Top of Data extracts

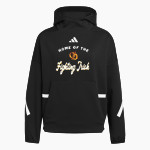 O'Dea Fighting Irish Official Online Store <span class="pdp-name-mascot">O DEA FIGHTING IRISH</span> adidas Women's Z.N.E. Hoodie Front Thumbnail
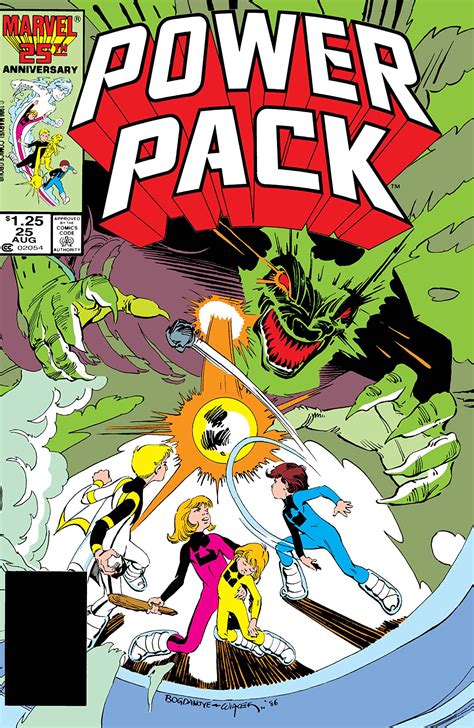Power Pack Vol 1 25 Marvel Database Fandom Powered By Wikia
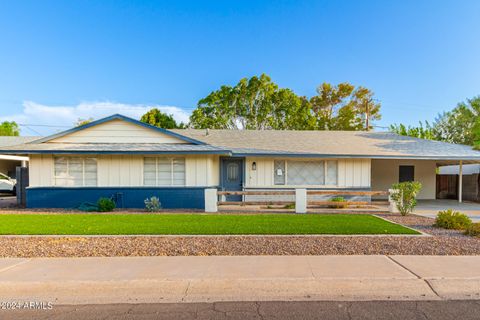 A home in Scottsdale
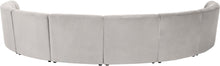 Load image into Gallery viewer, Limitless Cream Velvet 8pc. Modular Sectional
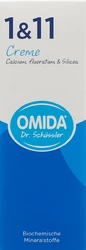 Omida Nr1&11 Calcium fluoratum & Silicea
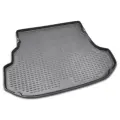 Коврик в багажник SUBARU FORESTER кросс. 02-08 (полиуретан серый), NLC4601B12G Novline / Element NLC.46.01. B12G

Bottom of Data extracts

• Instructions for the task
Write out the material exactly as it stands, omitting every picture.

• The answer
 O'Dea Fighting Irish Official Online Store <span class="pdp-name-mascot">O DEA FIGHTING IRISH</span> adidas Women's Z.N.E. Hoodie Front Thumbnail
Power Pack Vol 1 25 Marvel Database Fandom Powered By Wikia
 A home in Scottsdale
 Load image into Gallery viewer, Limitless Cream Velvet 8pc. Modular Sectional
 Omida Nr1&11 Calcium fluoratum & Silicea
 Коврик в багажник SUBARU FORESTER кросс. 02-08 (полиуретан серый), NLC4601B12G Novline / Element NLC.46.01. B12G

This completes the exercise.